What you will do:
Please reproduce the entire listing, character for character.

Records for this task:
* * *

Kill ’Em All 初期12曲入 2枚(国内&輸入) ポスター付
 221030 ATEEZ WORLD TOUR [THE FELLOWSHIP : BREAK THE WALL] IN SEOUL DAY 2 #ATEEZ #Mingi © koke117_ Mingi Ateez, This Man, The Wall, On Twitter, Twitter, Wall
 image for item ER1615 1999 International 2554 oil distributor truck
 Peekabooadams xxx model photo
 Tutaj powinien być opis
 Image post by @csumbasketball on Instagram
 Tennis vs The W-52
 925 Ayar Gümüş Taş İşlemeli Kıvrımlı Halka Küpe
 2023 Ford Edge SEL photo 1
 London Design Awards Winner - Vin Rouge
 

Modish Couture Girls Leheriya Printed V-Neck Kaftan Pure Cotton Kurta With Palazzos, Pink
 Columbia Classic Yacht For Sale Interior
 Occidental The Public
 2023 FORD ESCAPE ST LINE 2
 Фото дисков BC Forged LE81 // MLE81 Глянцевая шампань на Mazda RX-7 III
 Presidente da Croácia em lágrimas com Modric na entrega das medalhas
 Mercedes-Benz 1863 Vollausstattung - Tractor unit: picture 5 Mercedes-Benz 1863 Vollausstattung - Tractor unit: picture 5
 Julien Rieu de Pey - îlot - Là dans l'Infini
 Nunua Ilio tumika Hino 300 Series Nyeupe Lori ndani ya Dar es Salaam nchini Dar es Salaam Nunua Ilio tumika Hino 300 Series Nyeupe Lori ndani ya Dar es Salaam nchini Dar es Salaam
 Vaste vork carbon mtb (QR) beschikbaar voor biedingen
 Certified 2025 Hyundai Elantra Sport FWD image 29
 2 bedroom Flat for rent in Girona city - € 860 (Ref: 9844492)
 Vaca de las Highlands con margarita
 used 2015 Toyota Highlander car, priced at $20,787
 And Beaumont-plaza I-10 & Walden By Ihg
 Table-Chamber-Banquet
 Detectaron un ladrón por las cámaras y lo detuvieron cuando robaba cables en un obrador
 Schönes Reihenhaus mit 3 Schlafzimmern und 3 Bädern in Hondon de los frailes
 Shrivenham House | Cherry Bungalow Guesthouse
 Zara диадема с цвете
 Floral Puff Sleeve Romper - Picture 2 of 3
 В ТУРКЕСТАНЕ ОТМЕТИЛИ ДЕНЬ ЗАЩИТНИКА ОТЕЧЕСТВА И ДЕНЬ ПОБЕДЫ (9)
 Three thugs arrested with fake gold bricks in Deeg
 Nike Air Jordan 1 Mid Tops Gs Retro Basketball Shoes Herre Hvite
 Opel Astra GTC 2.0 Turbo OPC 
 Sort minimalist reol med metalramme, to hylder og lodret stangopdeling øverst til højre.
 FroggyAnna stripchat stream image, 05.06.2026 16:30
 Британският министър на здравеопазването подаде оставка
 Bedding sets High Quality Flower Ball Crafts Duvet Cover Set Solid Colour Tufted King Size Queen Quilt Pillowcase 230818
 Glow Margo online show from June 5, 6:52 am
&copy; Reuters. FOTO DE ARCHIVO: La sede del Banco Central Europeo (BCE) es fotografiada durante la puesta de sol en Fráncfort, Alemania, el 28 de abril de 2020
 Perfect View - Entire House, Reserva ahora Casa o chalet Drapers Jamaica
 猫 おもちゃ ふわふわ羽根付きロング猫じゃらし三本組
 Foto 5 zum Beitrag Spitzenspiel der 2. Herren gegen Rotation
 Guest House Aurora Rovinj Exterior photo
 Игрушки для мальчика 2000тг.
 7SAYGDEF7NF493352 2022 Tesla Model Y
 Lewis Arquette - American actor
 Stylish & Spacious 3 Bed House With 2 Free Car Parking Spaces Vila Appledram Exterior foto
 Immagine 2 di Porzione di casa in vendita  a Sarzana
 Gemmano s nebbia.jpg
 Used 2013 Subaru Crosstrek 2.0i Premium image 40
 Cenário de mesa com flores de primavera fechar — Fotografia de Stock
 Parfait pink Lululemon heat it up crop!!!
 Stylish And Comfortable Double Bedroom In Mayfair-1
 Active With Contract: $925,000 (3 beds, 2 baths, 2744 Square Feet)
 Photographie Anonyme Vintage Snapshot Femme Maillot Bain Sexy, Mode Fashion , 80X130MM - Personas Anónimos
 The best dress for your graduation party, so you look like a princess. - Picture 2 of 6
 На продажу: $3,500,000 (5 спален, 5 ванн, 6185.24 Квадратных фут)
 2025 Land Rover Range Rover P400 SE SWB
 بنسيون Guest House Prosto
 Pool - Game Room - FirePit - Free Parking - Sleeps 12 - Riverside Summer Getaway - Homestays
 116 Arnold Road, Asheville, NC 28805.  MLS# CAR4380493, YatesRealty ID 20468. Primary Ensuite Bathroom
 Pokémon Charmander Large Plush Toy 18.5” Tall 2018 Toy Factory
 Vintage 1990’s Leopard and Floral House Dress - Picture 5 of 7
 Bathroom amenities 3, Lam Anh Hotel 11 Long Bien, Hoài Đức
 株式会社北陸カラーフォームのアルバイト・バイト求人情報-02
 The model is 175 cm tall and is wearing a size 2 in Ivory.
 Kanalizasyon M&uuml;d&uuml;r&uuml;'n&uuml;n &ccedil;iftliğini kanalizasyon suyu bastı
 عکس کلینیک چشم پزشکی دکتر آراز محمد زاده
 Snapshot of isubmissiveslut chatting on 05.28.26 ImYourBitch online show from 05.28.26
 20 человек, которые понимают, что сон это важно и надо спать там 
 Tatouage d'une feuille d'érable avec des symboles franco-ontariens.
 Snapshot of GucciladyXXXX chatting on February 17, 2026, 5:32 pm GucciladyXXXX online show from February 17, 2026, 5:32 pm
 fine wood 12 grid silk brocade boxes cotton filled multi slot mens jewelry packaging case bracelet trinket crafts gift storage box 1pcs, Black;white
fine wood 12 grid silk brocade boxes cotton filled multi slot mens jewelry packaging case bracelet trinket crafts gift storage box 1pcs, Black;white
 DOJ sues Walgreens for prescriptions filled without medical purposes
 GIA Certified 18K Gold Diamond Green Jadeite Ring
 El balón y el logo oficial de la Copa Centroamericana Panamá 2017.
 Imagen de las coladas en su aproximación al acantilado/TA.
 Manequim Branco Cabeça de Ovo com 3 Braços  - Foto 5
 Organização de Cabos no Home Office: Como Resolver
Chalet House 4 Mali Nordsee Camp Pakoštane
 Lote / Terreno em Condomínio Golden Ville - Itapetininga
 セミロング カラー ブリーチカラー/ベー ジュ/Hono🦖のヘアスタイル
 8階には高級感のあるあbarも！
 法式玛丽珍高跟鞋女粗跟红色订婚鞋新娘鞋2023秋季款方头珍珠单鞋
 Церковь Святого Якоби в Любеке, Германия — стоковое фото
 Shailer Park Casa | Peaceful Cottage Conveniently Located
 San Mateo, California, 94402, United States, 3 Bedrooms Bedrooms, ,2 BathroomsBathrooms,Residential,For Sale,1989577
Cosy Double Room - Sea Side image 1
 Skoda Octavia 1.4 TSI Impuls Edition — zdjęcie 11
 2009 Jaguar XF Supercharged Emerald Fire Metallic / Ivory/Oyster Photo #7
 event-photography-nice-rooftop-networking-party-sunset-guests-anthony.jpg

* * *

Solution for this exercise:
Kill ’Em All 初期12曲入 2枚(国内&輸入) ポスター付
 221030 ATEEZ WORLD TOUR [THE FELLOWSHIP : BREAK THE WALL] IN SEOUL DAY 2 #ATEEZ #Mingi © koke117_ Mingi Ateez, This Man, The Wall, On Twitter, Twitter, Wall
 image for item ER1615 1999 International 2554 oil distributor truck
 Peekabooadams xxx model photo
 Tutaj powinien być opis
 Image post by @csumbasketball on Instagram
 Tennis vs The W-52
 925 Ayar Gümüş Taş İşlemeli Kıvrımlı Halka Küpe
 2023 Ford Edge SEL photo 1
 London Design Awards Winner - Vin Rouge
 

Modish Couture Girls Leheriya Printed V-Neck Kaftan Pure Cotton Kurta With Palazzos, Pink
 Columbia Classic Yacht For Sale Interior
 Occidental The Public
 2023 FORD ESCAPE ST LINE 2
 Фото дисков BC Forged LE81 // MLE81 Глянцевая шампань на Mazda RX-7 III
 Presidente da Croácia em lágrimas com Modric na entrega das medalhas
 Mercedes-Benz 1863 Vollausstattung - Tractor unit: picture 5 Mercedes-Benz 1863 Vollausstattung - Tractor unit: picture 5
 Julien Rieu de Pey - îlot - Là dans l'Infini
 Nunua Ilio tumika Hino 300 Series Nyeupe Lori ndani ya Dar es Salaam nchini Dar es Salaam Nunua Ilio tumika Hino 300 Series Nyeupe Lori ndani ya Dar es Salaam nchini Dar es Salaam
 Vaste vork carbon mtb (QR) beschikbaar voor biedingen
 Certified 2025 Hyundai Elantra Sport FWD image 29
 2 bedroom Flat for rent in Girona city - € 860 (Ref: 9844492)
 Vaca de las Highlands con margarita
 used 2015 Toyota Highlander car, priced at $20,787
 And Beaumont-plaza I-10 & Walden By Ihg
 Table-Chamber-Banquet
 Detectaron un ladrón por las cámaras y lo detuvieron cuando robaba cables en un obrador
 Schönes Reihenhaus mit 3 Schlafzimmern und 3 Bädern in Hondon de los frailes
 Shrivenham House | Cherry Bungalow Guesthouse
 Zara диадема с цвете
 Floral Puff Sleeve Romper - Picture 2 of 3
 В ТУРКЕСТАНЕ ОТМЕТИЛИ ДЕНЬ ЗАЩИТНИКА ОТЕЧЕСТВА И ДЕНЬ ПОБЕДЫ (9)
 Three thugs arrested with fake gold bricks in Deeg
 Nike Air Jordan 1 Mid Tops Gs Retro Basketball Shoes Herre Hvite
 Opel Astra GTC 2.0 Turbo OPC 
 Sort minimalist reol med metalramme, to hylder og lodret stangopdeling øverst til højre.
 FroggyAnna stripchat stream image, 05.06.2026 16:30
 Британският министър на здравеопазването подаде оставка
 Bedding sets High Quality Flower Ball Crafts Duvet Cover Set Solid Colour Tufted King Size Queen Quilt Pillowcase 230818
 Glow Margo online show from June 5, 6:52 am
&copy; Reuters. FOTO DE ARCHIVO: La sede del Banco Central Europeo (BCE) es fotografiada durante la puesta de sol en Fráncfort, Alemania, el 28 de abril de 2020
 Perfect View - Entire House, Reserva ahora Casa o chalet Drapers Jamaica
 猫 おもちゃ ふわふわ羽根付きロング猫じゃらし三本組
 Foto 5 zum Beitrag Spitzenspiel der 2. Herren gegen Rotation
 Guest House Aurora Rovinj Exterior photo
 Игрушки для мальчика 2000тг.
 7SAYGDEF7NF493352 2022 Tesla Model Y
 Lewis Arquette - American actor
 Stylish & Spacious 3 Bed House With 2 Free Car Parking Spaces Vila Appledram Exterior foto
 Immagine 2 di Porzione di casa in vendita  a Sarzana
 Gemmano s nebbia.jpg
 Used 2013 Subaru Crosstrek 2.0i Premium image 40
 Cenário de mesa com flores de primavera fechar — Fotografia de Stock
 Parfait pink Lululemon heat it up crop!!!
 Stylish And Comfortable Double Bedroom In Mayfair-1
 Active With Contract: $925,000 (3 beds, 2 baths, 2744 Square Feet)
 Photographie Anonyme Vintage Snapshot Femme Maillot Bain Sexy, Mode Fashion , 80X130MM - Personas Anónimos
 The best dress for your graduation party, so you look like a princess. - Picture 2 of 6
 На продажу: $3,500,000 (5 спален, 5 ванн, 6185.24 Квадратных фут)
 2025 Land Rover Range Rover P400 SE SWB
 بنسيون Guest House Prosto
 Pool - Game Room - FirePit - Free Parking - Sleeps 12 - Riverside Summer Getaway - Homestays
 116 Arnold Road, Asheville, NC 28805.  MLS# CAR4380493, YatesRealty ID 20468. Primary Ensuite Bathroom
 Pokémon Charmander Large Plush Toy 18.5” Tall 2018 Toy Factory
 Vintage 1990’s Leopard and Floral House Dress - Picture 5 of 7
 Bathroom amenities 3, Lam Anh Hotel 11 Long Bien, Hoài Đức
 株式会社北陸カラーフォームのアルバイト・バイト求人情報-02
 The model is 175 cm tall and is wearing a size 2 in Ivory.
 Kanalizasyon M&uuml;d&uuml;r&uuml;'n&uuml;n &ccedil;iftliğini kanalizasyon suyu bastı
 عکس کلینیک چشم پزشکی دکتر آراز محمد زاده
 Snapshot of isubmissiveslut chatting on 05.28.26 ImYourBitch online show from 05.28.26
 20 человек, которые понимают, что сон это важно и надо спать там 
 Tatouage d'une feuille d'érable avec des symboles franco-ontariens.
 Snapshot of GucciladyXXXX chatting on February 17, 2026, 5:32 pm GucciladyXXXX online show from February 17, 2026, 5:32 pm
 fine wood 12 grid silk brocade boxes cotton filled multi slot mens jewelry packaging case bracelet trinket crafts gift storage box 1pcs, Black;white
fine wood 12 grid silk brocade boxes cotton filled multi slot mens jewelry packaging case bracelet trinket crafts gift storage box 1pcs, Black;white
 DOJ sues Walgreens for prescriptions filled without medical purposes
 GIA Certified 18K Gold Diamond Green Jadeite Ring
 El balón y el logo oficial de la Copa Centroamericana Panamá 2017.
 Imagen de las coladas en su aproximación al acantilado/TA.
 Manequim Branco Cabeça de Ovo com 3 Braços  - Foto 5
 Organização de Cabos no Home Office: Como Resolver
Chalet House 4 Mali Nordsee Camp Pakoštane
 Lote / Terreno em Condomínio Golden Ville - Itapetininga
 セミロング カラー ブリーチカラー/ベー ジュ/Hono🦖のヘアスタイル
 8階には高級感のあるあbarも！
 法式玛丽珍高跟鞋女粗跟红色订婚鞋新娘鞋2023秋季款方头珍珠单鞋
 Церковь Святого Якоби в Любеке, Германия — стоковое фото
 Shailer Park Casa | Peaceful Cottage Conveniently Located
 San Mateo, California, 94402, United States, 3 Bedrooms Bedrooms, ,2 BathroomsBathrooms,Residential,For Sale,1989577
Cosy Double Room - Sea Side image 1
 Skoda Octavia 1.4 TSI Impuls Edition — zdjęcie 11
 2009 Jaguar XF Supercharged Emerald Fire Metallic / Ivory/Oyster Photo #7
 event-photography-nice-rooftop-networking-party-sunset-guests-anthony.jpg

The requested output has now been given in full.